Background: Gastric cancer is the most frequently diagnosed malignancy in Japan. The possible relationship between Helicobacter pylori infection and gastric cancer in Japan was evaluated.
Methods: H. pylori infection was identified by the presence of anti-H. pylori IgG. The frequency of H. pylori infection was compared in 213 patients with gastric cancer and the same number of asymptomatic control subjects matched for age and sex.

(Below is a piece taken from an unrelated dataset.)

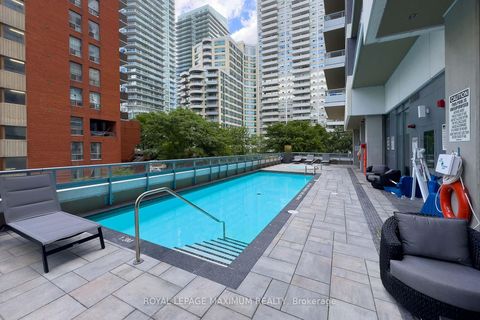 Photo 34 at 719 - 50 Dunfield Avenue, Mount Pleasant East, Toronto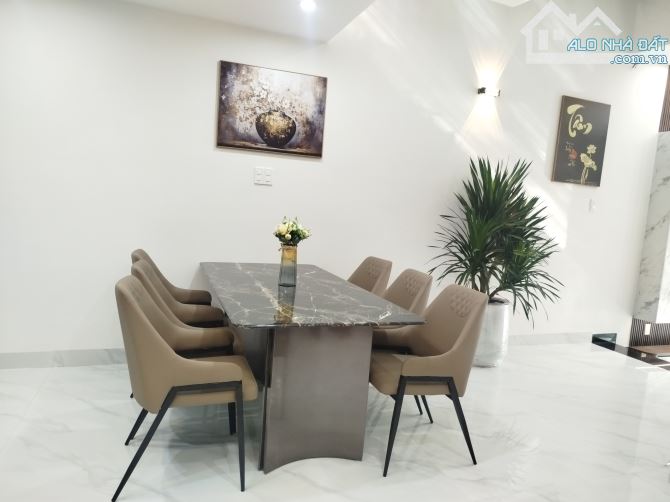 BÁN NHÀ 3 TẦNG,SẴN NỘI THẤT SANG TRỌNG Ở NGAY GIÁ TỐT - 4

Results: The presence of IgG antibody to H. pylori was significantly more prevalent (P < 0.001) in those with gastric cancer compared with asymptomatic control subjects (88.2% versus 74.6%). H. pylori positive rates were significantly greater in patients with the intestinal type (90.4%, P < 0.001) and diffuse type (86.4%, P < 0.05) of gastric cancer than in control subjects. Ninety-three percent of the patients with early gastric cancer tested positive for H. pylori (P < 0.001 compared with control subjects), whereas no significant difference was observed between those with advanced gastric cancer and control subjects. The intestinal type of early gastric cancer showed only the significantly increased frequency of high titer (optical density > 1.50) of H. pylori IgG antibody (P < 0.001) compared with control subjects without cancer.
Conclusions: These results suggest that H. pylori infection may be associated with the development of early gastric cancer in Japan.